A while back I released my free retirement calculator designed to take your current age, retirement age, life expectancy, income needs, current savings, and market volatility into account in order to tell you how much you should be saving each year to reach your retirement goals. I designed it to be a more accurate retirement calculator than most of the ones you find online, but I also wanted to make it easy to use. Because of this, it’s not the most accurate calculator available, but it should do a good job for you if you follow the directions and revisit it every 3-5 years.
What I hadn’t done, though, was to test the advice it gives against historical investment periods. I based the calculator on historical market data and ran millions of simulations to build the back-end of the calculator (which you don’t see when you use it). But I didn’t have a chance to test how it would have actually worked out for people until recently. So using historical performance numbers for a diversified portfolio along with historical inflation rates (all from 1927-2009), I tested what your results would have been if you had followed the advice given by my free retirement calculator. I tested two different scenarios:
- If you had saved the target amount the calculator estimates, would that have lasted throughout your retirement?
- If you had annually saved the amount the calculator tells you to, would you have reached that target amount by your retirement date?
Basically, I wanted to see if this calculator would work in telling you how much to save and how much you can safely withdraw in retirement. Click here if you don’t want to read the nitty gritty and just want to get to the point.
Withdrawal Results
I found that my calculator was extremely good at estimating how much you should have by retirement so you don’t run out of money before you die. What I wanted to avoid was having any historical period where you would have run out of money before you hit your life expectancy. In most cases, you end up with quite a bit of money left over at your death. But in a few, you barely make it. All of these withdrawal scenarios assume you need $36,000/year in retirement income and you retire at age 65. I looked at three different scenarios: you die at age 85 (20 years of withdrawals), you die at age 80 (15 years), and you die at age 75 (10 years). You’ll need to click the graphs to get a clear, full-size picture. Here are the results for withdrawing from age 65-85 (20 years):
Here are the results for 65-80 (15 years):
And here are the results for 65-75 (10 years):
As you can see, you never would have run out of money if you had saved what the calculator estimated you would need. Now there’s no guarantee that would always be true, but it is good to see that it would have worked out historically. In many cases, you would have ended up with way more money than you needed, which illustrates why this isn’t a perfect calculator. (No calculator is going to figure this out perfectly for you, and this is why you have to revisit the calculation every so often.)
Savings Results
Where I found the calculator needed some work was how much it was telling you to save every year. I was running a scenario where you start saving at age 25, retire at 65, and die at age 85 (40 years of saving, 20 years of withdrawals). What I found was that many times you’d end up with waaaaaay more than you needed to retire. You could have either retired earlier or saved less. This kind of result is almost as bad as finding out you didn’t save enough – simply because of all the sacrifices you would have made to meet your savings goal. I don’t have the results here to show you, but let’s just say you ended up with anywhere from 2-6 (yes 6!) times what you would have needed to retire.
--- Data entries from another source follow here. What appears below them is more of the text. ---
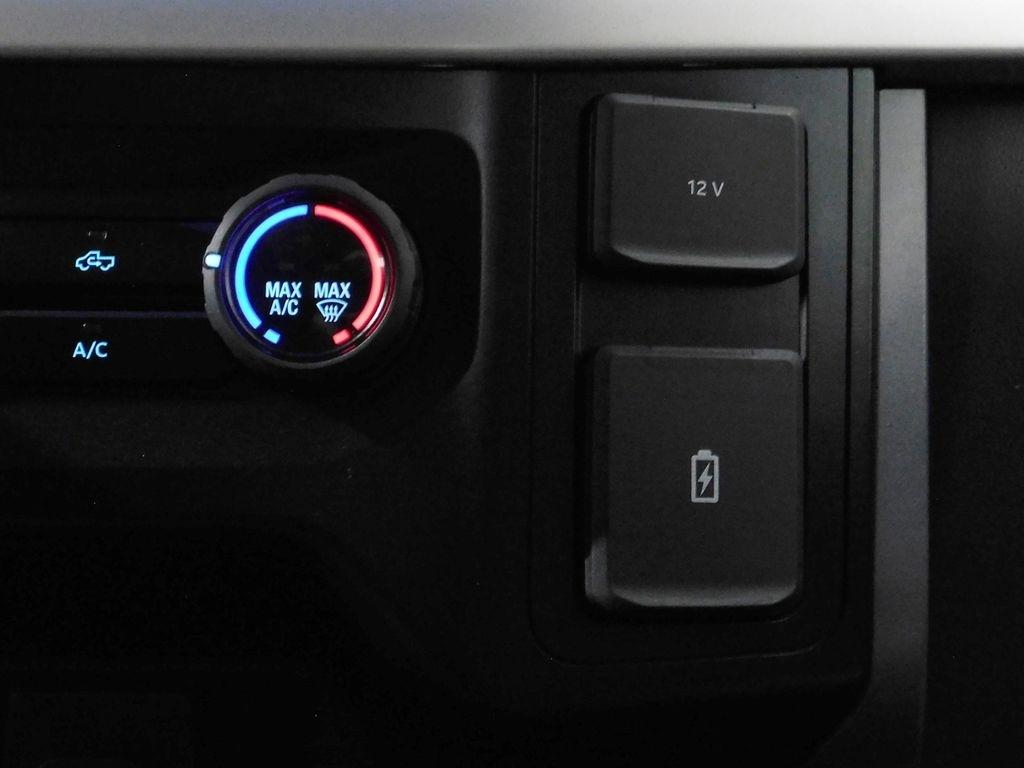 Ford F-150 XLT SuperCab 8-ft. Bed 4WD 2023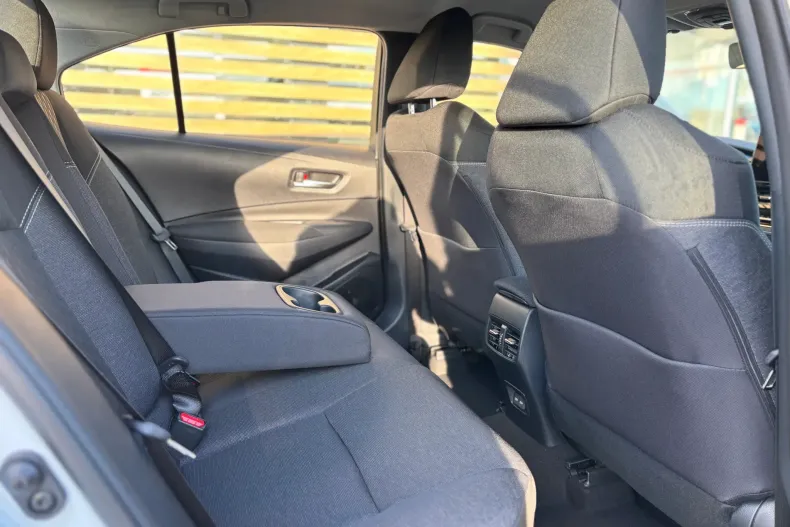 Toyota Corolla din 2026 cu 4 km - oferta TOY243665 - foto 13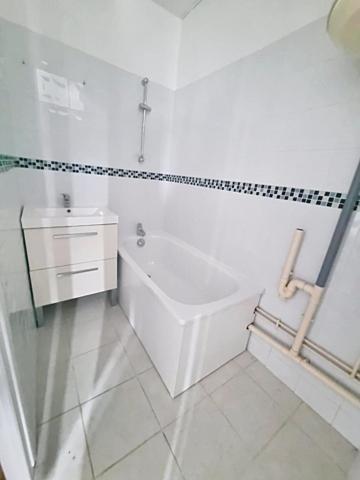 Situé à Revin, cet immeuble  en pierre locale avec toiture en ardoise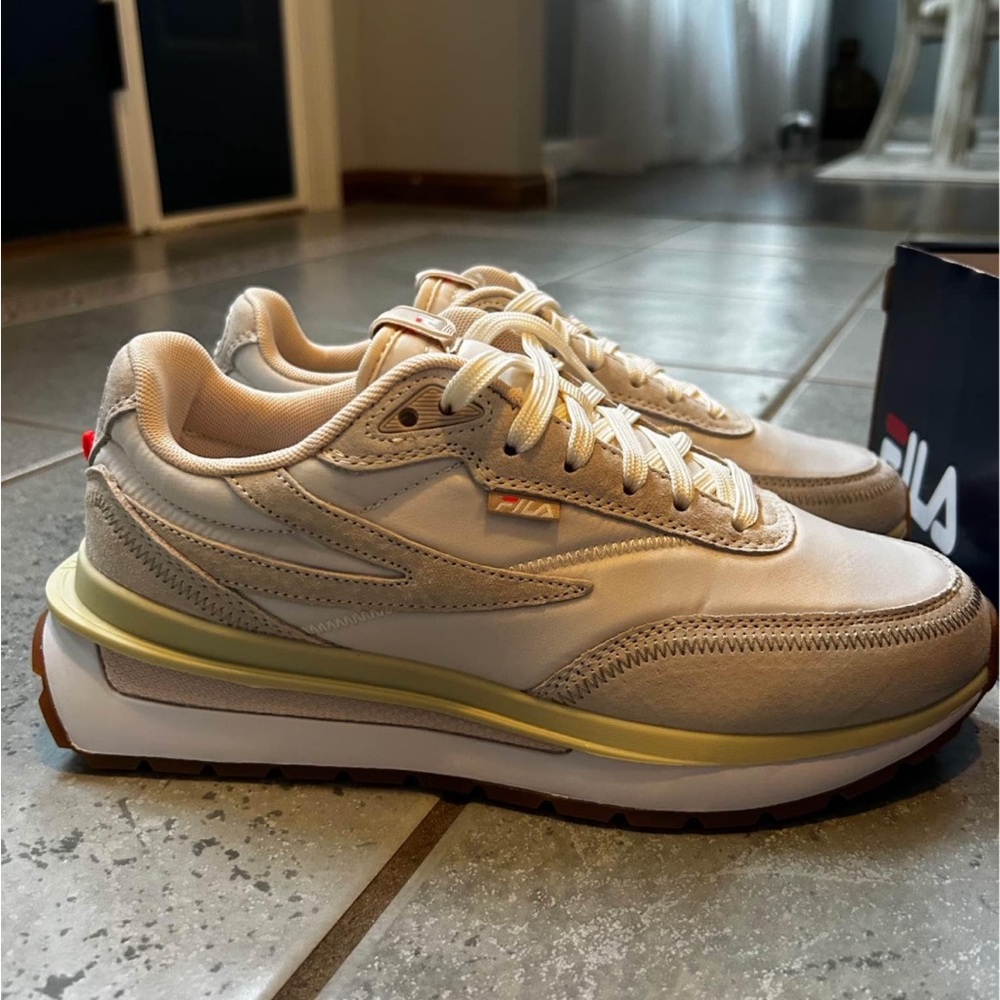 Women’s FILA sneakers size 8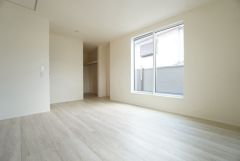主寝室としてお使いいただけそうなこちらのお部屋は、日当たりが良く、爽やかな風を感じて起きる朝は、快適生活の始まりに。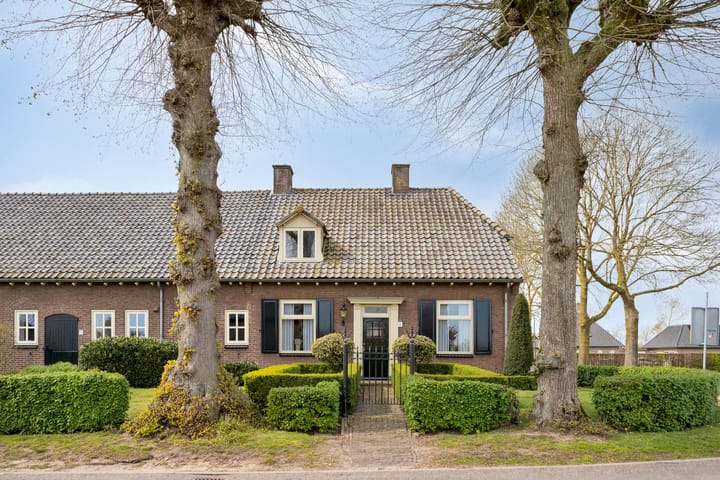 Photo 3 of Loonsestraat 11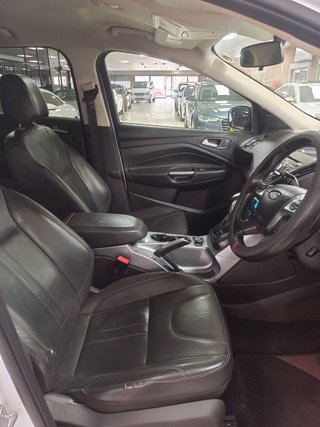 2014 Ford Kuga 2.0 TDCi TREND AWD AUTO - photo 2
After a long process of studying the results, figuring out where it went wrong, debugging, and retesting, I made one small tweak to the calculator and now it works great. Historically speaking, you’d still save too much most of the time (anywhere from 1.25 to 2 times more than you need). But it cut the required savings rate back to a much more manageable and realistic level. So I’ve run four different scenarios and included the results here to show you how it worked out. These scenarios assume you retire at age 65 and die at age 85 while needing $36,000/year during retirement. The four scenarios differ in the age you start saving (with no savings to start): age 25 (40 years to save), age 35 (30 years), age 45 (20 years), and age 55 (10 years). Here are the results if you start at age 25:
On average, you would have saved about 50% more than necessary. Assuming you have 40 years to save, nothing in savings, and you’ll be in retirement for 20 years, you need to be saving 15% of your target retirement income every year. Here are the results if you start at age 35:
On average, you would have saved about 50% more than necessary once again. Assuming you have 30 years to save, nothing in savings, and you’ll be in retirement for 20 years, you need to be saving 29% of your target retirement income every year. Here are the results if you start at age 45:
On average, you would have saved about 50% more than necessary once again. You would have fallen a little short of your retirement goal 8 times out of 64 historical 20 year periods, which would have required you to retire on a slightly smaller retirement income or wait one more year to retire. Assuming you have 20 years to save, nothing in savings, and you’ll be in retirement for 20 years, you need to be saving 63% of your target retirement income every year. And here are the results if you start at age 55:
On average, you would have saved about 30% more than necessary. You would have fallen just short of your retirement goal 6 times out of 74 historical 10 year periods, which would have required you to retire on a slightly smaller retirement income or wait one more year to retire. Assuming you have 10 years to save, nothing in savings, and you’ll be in retirement for 20 years, you need to be saving an astounding 170% of your target retirement income every year.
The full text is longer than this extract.